═══ Data for review ═══
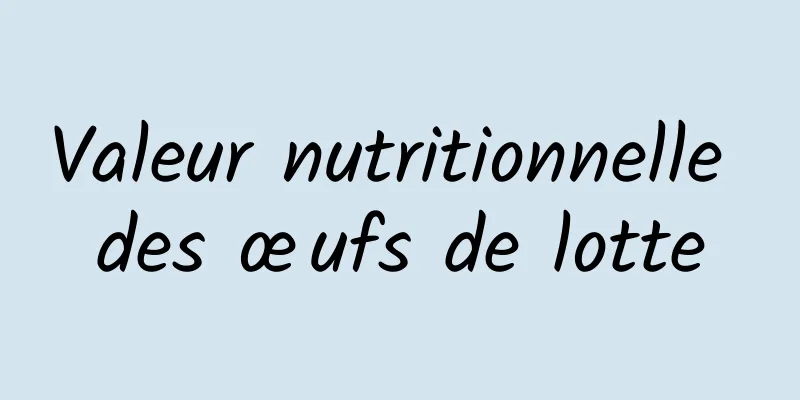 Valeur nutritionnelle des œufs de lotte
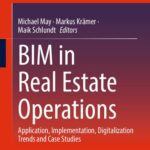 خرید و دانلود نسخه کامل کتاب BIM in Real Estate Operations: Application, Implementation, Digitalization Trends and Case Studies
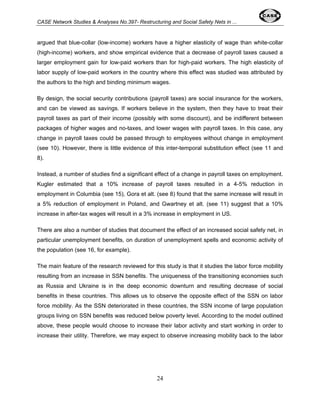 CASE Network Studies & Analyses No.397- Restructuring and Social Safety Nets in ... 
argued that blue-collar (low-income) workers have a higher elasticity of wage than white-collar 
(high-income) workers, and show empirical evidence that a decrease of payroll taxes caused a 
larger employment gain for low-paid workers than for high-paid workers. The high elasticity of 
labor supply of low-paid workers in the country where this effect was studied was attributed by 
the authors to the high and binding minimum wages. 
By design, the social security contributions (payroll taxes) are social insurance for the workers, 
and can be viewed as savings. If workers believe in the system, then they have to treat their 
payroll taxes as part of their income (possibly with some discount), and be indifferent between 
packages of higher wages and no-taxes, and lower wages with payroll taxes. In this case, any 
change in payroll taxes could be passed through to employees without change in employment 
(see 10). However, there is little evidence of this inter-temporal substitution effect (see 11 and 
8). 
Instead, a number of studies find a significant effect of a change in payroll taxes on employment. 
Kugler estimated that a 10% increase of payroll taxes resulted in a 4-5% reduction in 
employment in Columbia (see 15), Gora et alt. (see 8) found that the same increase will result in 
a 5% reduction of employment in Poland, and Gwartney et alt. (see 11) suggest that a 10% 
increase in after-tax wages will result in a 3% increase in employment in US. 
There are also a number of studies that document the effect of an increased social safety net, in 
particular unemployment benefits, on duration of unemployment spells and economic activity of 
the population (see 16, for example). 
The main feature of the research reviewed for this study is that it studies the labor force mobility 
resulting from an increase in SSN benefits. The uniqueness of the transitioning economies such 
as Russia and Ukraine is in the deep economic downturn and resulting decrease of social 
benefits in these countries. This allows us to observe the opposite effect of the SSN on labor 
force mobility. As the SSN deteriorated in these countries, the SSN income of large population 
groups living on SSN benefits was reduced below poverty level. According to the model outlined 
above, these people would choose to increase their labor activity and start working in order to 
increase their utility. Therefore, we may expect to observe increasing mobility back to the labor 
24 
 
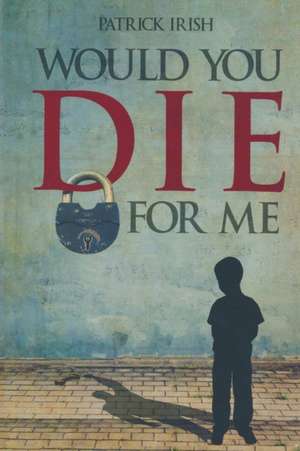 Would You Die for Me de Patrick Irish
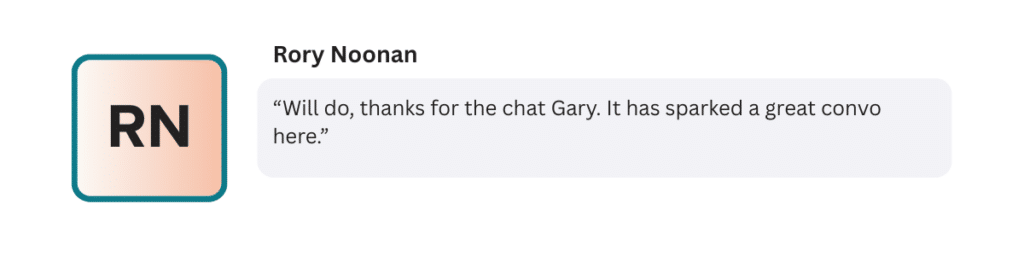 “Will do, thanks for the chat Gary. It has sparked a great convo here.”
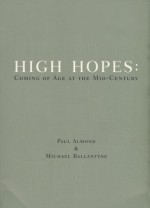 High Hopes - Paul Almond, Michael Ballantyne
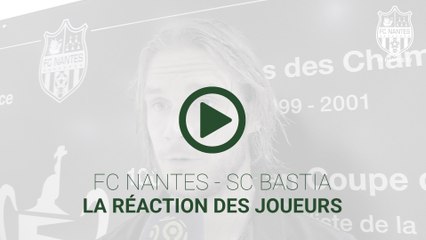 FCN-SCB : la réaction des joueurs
═══
→ Goal of the exercise: Please return the lines above that run from the line containing "a 5% reduction" to the line containing "increase in after-tax", inclusive, exactly and with no other lines.

→ Response box:
a 5% reduction of employment in Poland, and Gwartney et alt. (see 11) suggest that a 10% 
increase in after-tax wages will result in a 3% increase in employment in US. 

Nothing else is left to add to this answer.